The book takes place in two time periods now and back somewhere in the 1980’s. Three lifelong friends get together for a long weekend to help one of them figure out her marriage and what she is going to do with the rest of her life. You know how it is when old friends get together? They talk about old times, growing up and their teen years. That is the part that takes place in the 80’s and the rest of it is in today’s time. Folks, I loved every minute of their reminiscing and how they fell right back into their old behaviors. I wanted to be their friend!
It was a fun read but this book also dealt with some pretty tough subjects. There was a gay brother, an alcoholic father, mental illness, tragedy, death, race relations and divorce. This book made you think about some hard subjects and about what is going on in our society today. Claire Fullerton lays it all out for you and allows you draw your own conclusions. Don’t waste any time getting your own copy. You’re gonna love it!

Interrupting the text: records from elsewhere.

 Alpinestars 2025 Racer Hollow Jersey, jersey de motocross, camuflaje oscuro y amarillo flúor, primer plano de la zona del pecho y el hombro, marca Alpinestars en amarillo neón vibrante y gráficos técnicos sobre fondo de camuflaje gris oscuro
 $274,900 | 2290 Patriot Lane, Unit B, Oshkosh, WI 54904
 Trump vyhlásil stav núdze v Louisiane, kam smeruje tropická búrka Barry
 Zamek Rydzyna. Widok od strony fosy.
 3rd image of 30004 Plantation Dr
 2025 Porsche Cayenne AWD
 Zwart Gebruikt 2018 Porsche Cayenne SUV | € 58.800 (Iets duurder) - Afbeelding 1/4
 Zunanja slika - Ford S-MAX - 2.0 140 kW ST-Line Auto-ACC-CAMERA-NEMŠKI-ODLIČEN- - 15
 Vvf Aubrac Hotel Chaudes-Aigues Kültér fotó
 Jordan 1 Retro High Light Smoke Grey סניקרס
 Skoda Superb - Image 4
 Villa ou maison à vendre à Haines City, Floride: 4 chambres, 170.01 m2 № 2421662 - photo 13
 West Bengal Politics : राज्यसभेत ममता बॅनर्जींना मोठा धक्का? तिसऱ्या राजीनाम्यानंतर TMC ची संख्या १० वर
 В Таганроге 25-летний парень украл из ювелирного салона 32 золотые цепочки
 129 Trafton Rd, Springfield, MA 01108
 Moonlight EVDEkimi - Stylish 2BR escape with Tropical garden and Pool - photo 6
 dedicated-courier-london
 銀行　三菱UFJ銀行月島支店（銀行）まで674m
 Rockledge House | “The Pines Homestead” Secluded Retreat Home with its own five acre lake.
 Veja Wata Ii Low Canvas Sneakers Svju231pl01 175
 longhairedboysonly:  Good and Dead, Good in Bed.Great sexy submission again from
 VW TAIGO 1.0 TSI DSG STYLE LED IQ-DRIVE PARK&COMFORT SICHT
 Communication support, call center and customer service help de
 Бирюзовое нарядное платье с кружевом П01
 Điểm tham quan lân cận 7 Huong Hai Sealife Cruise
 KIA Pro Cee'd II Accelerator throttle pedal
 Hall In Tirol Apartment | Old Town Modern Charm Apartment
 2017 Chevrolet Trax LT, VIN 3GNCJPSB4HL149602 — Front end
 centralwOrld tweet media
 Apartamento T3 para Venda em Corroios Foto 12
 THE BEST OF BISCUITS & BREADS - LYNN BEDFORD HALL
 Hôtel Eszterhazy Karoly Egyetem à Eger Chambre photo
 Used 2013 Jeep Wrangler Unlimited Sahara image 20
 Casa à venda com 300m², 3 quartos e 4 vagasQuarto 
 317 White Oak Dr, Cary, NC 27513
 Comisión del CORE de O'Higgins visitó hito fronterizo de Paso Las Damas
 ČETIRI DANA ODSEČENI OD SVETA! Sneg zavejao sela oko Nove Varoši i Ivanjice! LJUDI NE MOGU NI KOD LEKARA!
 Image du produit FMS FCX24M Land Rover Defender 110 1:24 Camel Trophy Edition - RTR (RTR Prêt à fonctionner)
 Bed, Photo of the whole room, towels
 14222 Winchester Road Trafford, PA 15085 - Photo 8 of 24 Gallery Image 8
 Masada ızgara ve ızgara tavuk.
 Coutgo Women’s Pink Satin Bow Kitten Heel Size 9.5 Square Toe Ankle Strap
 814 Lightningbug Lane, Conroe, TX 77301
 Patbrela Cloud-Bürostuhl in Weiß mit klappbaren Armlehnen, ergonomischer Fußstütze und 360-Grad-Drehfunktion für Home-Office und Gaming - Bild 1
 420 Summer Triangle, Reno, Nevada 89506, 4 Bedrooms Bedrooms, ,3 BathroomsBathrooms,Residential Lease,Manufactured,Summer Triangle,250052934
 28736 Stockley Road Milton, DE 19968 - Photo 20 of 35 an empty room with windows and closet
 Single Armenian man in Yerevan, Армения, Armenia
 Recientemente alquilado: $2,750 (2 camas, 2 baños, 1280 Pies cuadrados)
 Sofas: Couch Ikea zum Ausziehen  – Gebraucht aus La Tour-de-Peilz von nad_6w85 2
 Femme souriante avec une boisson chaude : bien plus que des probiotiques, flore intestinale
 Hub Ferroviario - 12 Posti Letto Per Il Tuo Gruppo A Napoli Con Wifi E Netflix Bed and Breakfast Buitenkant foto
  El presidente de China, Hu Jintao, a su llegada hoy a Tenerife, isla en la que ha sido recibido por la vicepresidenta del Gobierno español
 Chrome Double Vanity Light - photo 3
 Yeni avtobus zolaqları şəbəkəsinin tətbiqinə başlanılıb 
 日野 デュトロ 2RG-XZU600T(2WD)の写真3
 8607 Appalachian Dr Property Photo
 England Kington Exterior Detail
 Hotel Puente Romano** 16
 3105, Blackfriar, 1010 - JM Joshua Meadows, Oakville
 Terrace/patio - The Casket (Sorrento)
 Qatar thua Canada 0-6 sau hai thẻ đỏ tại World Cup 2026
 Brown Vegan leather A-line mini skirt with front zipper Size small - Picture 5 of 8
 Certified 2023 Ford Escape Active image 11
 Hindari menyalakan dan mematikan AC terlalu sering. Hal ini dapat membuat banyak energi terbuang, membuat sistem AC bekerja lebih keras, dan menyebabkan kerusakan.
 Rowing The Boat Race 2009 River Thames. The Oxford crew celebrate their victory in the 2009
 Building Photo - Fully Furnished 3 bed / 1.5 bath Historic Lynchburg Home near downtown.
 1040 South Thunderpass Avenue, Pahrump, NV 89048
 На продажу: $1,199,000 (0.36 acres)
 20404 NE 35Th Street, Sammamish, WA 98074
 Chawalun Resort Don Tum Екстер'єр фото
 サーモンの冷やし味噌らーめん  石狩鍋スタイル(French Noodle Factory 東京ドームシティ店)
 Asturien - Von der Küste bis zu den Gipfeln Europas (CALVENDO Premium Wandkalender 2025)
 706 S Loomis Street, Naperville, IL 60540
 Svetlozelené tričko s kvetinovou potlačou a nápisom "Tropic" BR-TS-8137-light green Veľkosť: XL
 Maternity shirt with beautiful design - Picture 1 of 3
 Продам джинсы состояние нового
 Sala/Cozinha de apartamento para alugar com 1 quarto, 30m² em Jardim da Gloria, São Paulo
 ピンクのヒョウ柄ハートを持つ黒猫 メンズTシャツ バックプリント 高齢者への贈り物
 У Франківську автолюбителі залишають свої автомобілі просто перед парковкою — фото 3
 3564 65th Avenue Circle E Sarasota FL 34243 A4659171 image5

I won this book through the generosity of the author. This is a fair and honest review of my own thoughts. Thank you, Claire!
SYNOPSIS:
Southern Culture … Old Friendships … Family Tragedy
One phone call from Renny to come home and “see about” the capricious Ava and Celia Wakefield decides to overlook her distressful past in the name of friendship.
For three reflective days at Renny’s lake house in Heber Springs, Arkansas, the three childhood friends reunite and examine life, love, marriage, and the ties that bind, even though Celia’s personal story has yet to be healed. When the past arrives at the lake house door in the form of her old boyfriend, Celia must revisit the life she’d tried to outrun.
As her idyllic coming of age alongside her best friend, Little Tea, on her family’s ancestral grounds in bucolic Como, Mississippi unfolds, Celia realizes there is no better place to accept her own story than in this circle of friends who have remained beside her throughout the years. Theirs is a friendship that can talk any life sorrow into a comic tragedy, and now that the racial divide in the Deep South has evolved, Celia wonders if friendship can triumph over history.